=== Task objective ===
Type out the complete listing below word for word, without its pictures.

=== Dataset excerpt ===
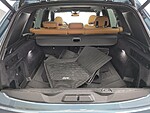 Used 2024 BMW X5 XDRIVE40I in WEST PALM BEACH, FLORIDA (Photo 16)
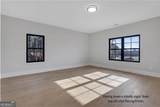 15794 Thompson Road - Photo 50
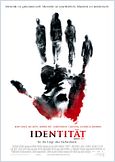 Identität - Identity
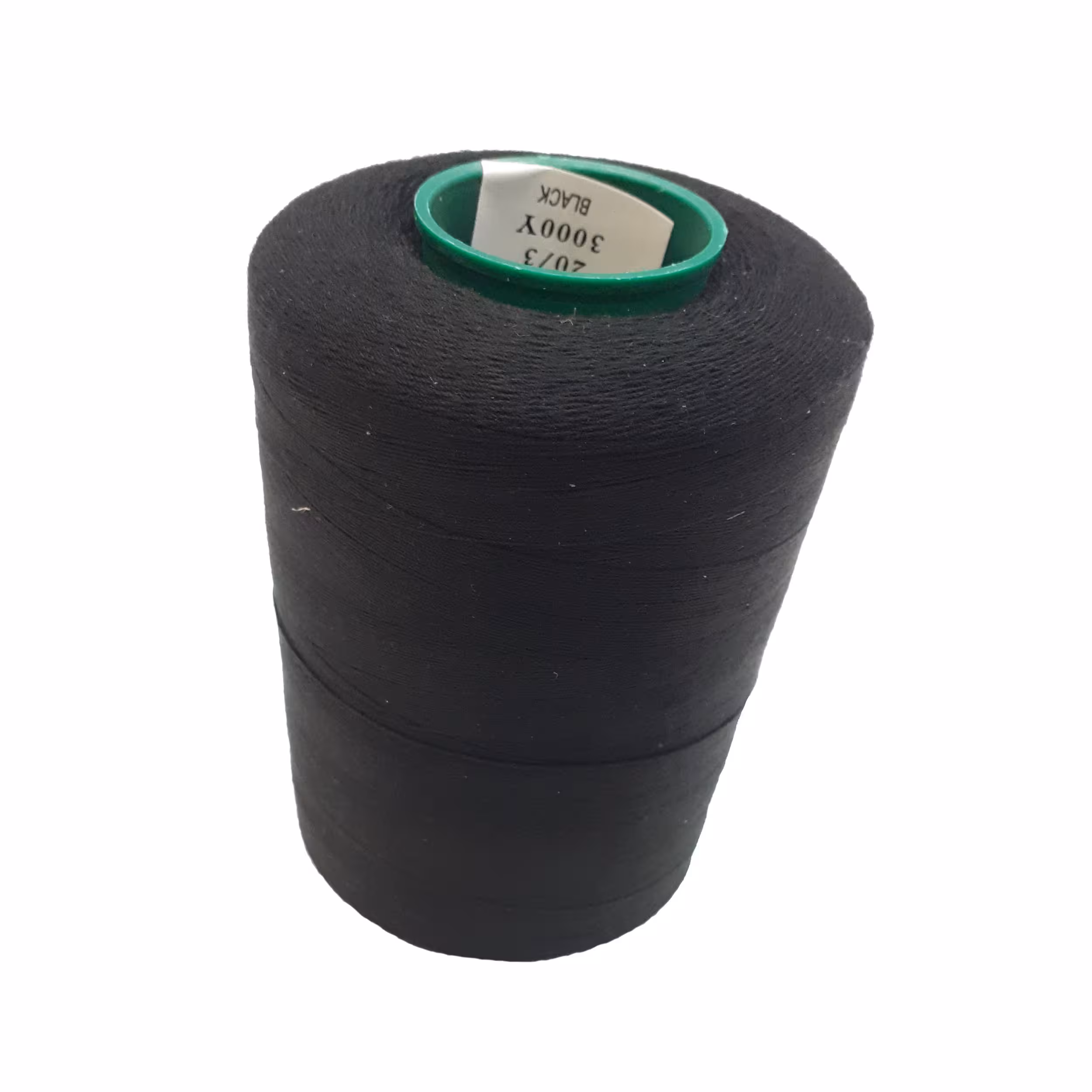دوک نخ خیاطی مدل p20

=== Exercise result ===
 Used 2024 BMW X5 XDRIVE40I in WEST PALM BEACH, FLORIDA (Photo 16)
 15794 Thompson Road - Photo 50
 Identität - Identity
دوک نخ خیاطی مدل p20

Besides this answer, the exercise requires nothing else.